START DATA EXCERPT

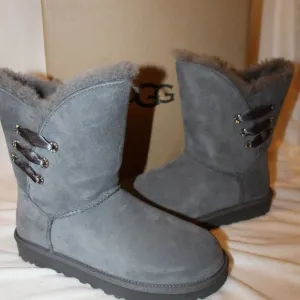 NIB UGG WOMEN'S CLASSIC‎ SHORT CONSTANTINE SUEDE SHEARLING BOOTS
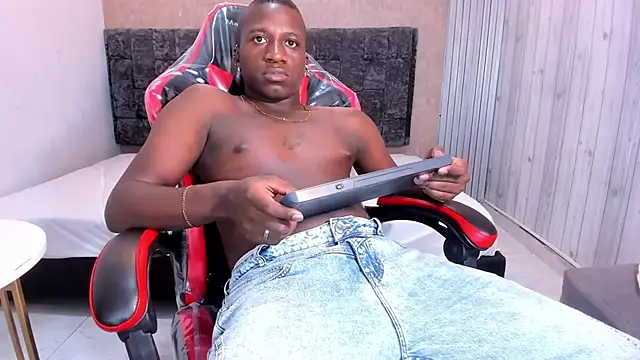 michell_joos (M twink) - 💦Flash cock and bounce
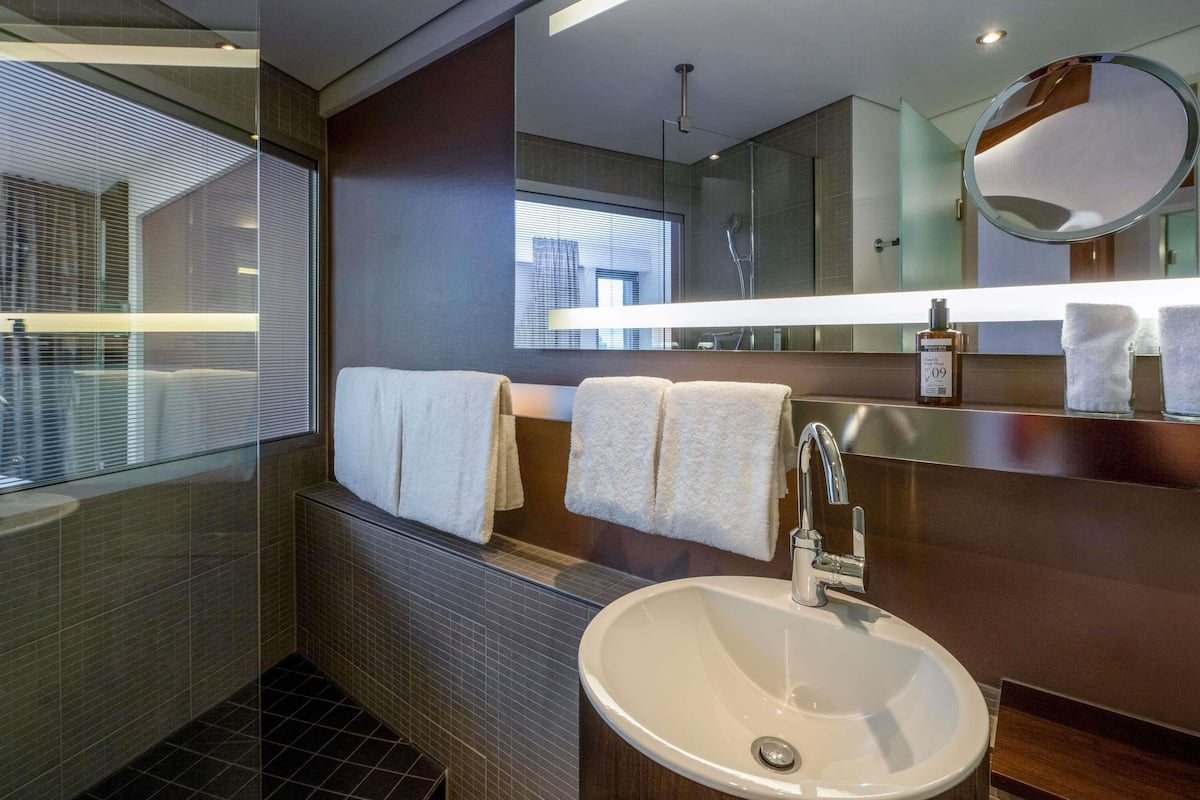 1 bedroom, hypo-allergenic bedding, pillow-top beds, in-room safe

END DATA EXCERPT

Please copy the data shown above precisely, leaving the images out.

*SOLVED PROBLEM:*
 NIB UGG WOMEN'S CLASSIC‎ SHORT CONSTANTINE SUEDE SHEARLING BOOTS
 michell_joos (M twink) - 💦Flash cock and bounce
 1 bedroom, hypo-allergenic bedding, pillow-top beds, in-room safe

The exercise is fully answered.